Post Election Words

This article first appeared as an email to Christians on the Left members. Following the amount of feedback we received from it, we decided it should also appear on this website. 

I write this as I sit on a train. In the week after a Conservative general election victory I am ironically on my way to speak to people from all over the UK who run foodbanks at the national conference of the Trussell Trust. Will their work become even more vital in the next five years? I pray not. I fear perhaps yes. Many involved would rather be seeing systemic change, but don’t want to stop helping those in front of their faces who are in need.

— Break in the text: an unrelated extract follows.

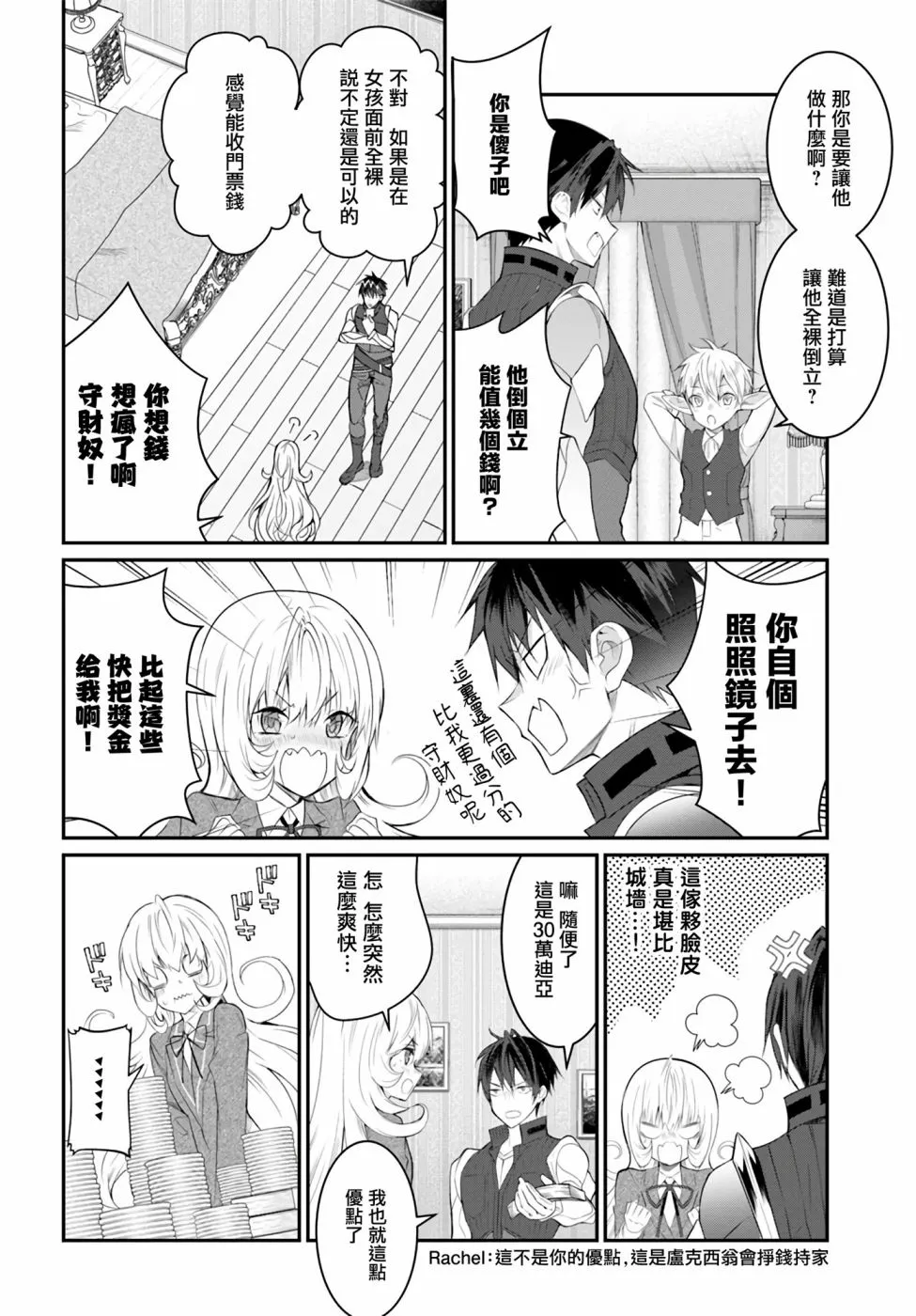 第21话 第30页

As the dust from the election continues to settle, there will be many words written. Many will be knee-jerk reactions, many will be people vying for position, and some may even be wise, but I think it is good to take time to take stock. In our fast-paced 24hr news media world where our reactions tend to happen at the speed of Twitter, it is good to draw aside and draw on some deeper ancient wisdom.

One of the most profound images I saw last week was a cheeky Venn Diagram.




Whether it is fully accurate or not, it conveys something very important. Not everyone in the UK thinks the way we and our tribes think. Restricting ourselves to the echo chamber of social media confines us mostly to those we agree with, or unconstructive arguments with strangers. For a long time now at Christians on the Left we have been championing putting relationships back at the heart of politics, and I am proud to say that that is what I saw so many of our members doing as they campaigned. Meeting real people on real doorsteps, making their case with grace and truth. We must of course engage with social media, but not fool ourselves that it represents the total picture.

 pic3.jpgSo I was attempting to draw aside this weekend to consult some deeper, slower, truth, when the words of the prophet Isaiah leapt off the page in my direction. “Forget the former things; do not dwell on the past. See I am doing a new thing! Now it springs up; do you not perceive it? I am making a way in the wilderness and streams in the wasteland.”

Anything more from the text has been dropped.